[Wine] Windows Kernel & Executive implementation
James Hawkins
truiken at gmail.com
Fri Feb 22 18:47:22 CST 2008
On Fri, Feb 22, 2008 at 6:33 PM, Alan McKinnon <alan.mckinnon at gmail.com> wrote:
>
> On Saturday 23 February 2008, Dan Kegel wrote:
> > On Fri, Feb 22, 2008 at 4:09 PM, Alan McKinnon
> <alan.mckinnon at gmail.com> wrote:
> > > For example, there is no sane reason in the world that VC++ should
> > > always work under Wine, considering the deep knowledge of Windows
> > > that is built into VC++.
> >
> > I don't think that's a good example. While I agree that
> > Wine is not designed to run ALL windows software
> > (it'll never run arbitrary VxD's, for instance), it can and
> > will run Visual C++. Visual C++ 6 works quite well modulo
> > one bug in ole32, and Visual C++ Toolkit 2003 installs and
> > runs pretty well module two bugs keeping .net 1.1 from installing.
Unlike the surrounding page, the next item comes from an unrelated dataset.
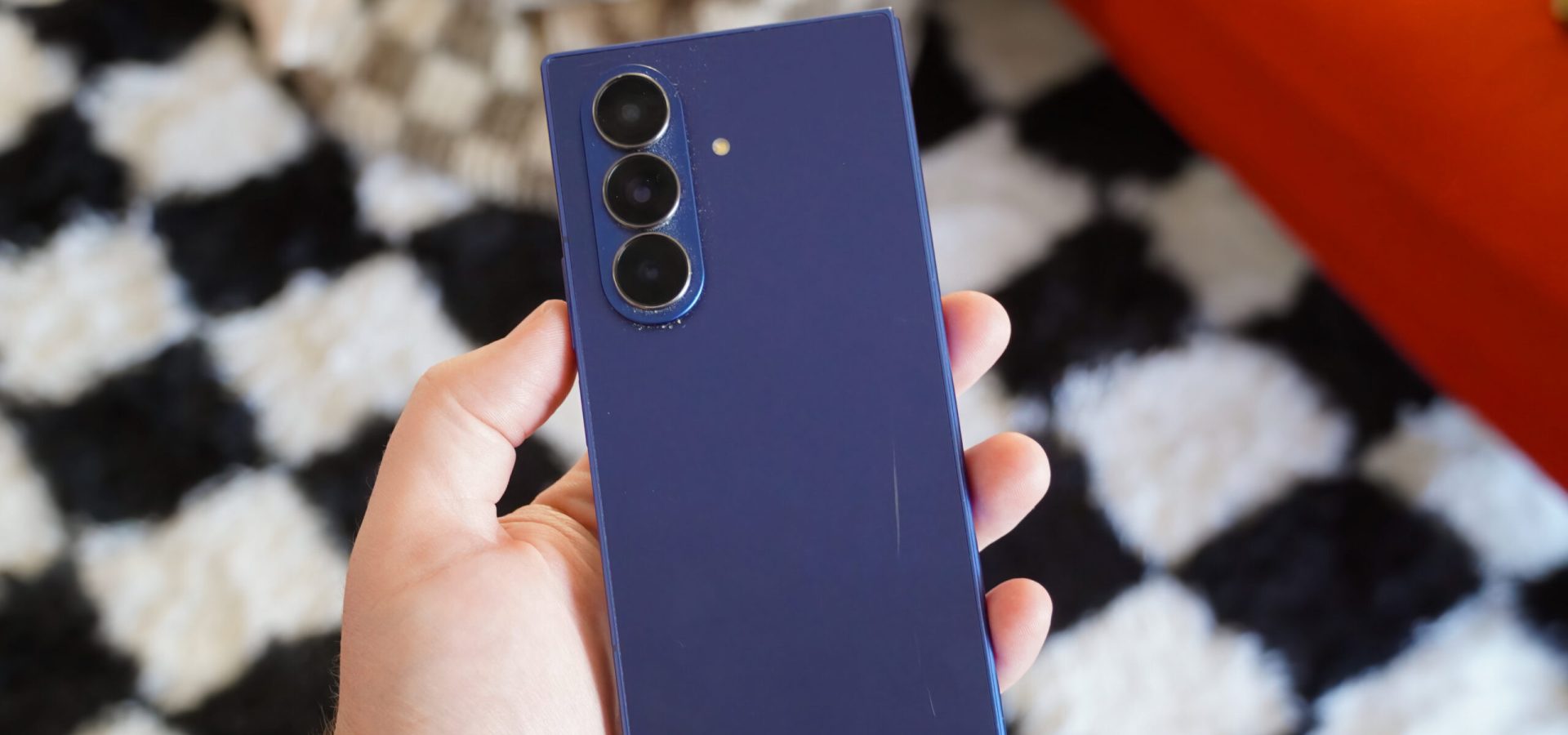 Credevo di volere smartphone Android colorati fino a quando non ho fatto cadere il mio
> > Visual C++ 6 and 2003 will eventually work well enough to make
> > Windows developers comfortable. And valgrind will support windows
> > apps well enough that Windows developers might... actually...
> > prefer... to develop their Windows apps on Linux sometimes.
>
> Maybe it is a bad example, it's the first one I pulled out of my head.
>
> But really, why would one compile something for Windows on Wine?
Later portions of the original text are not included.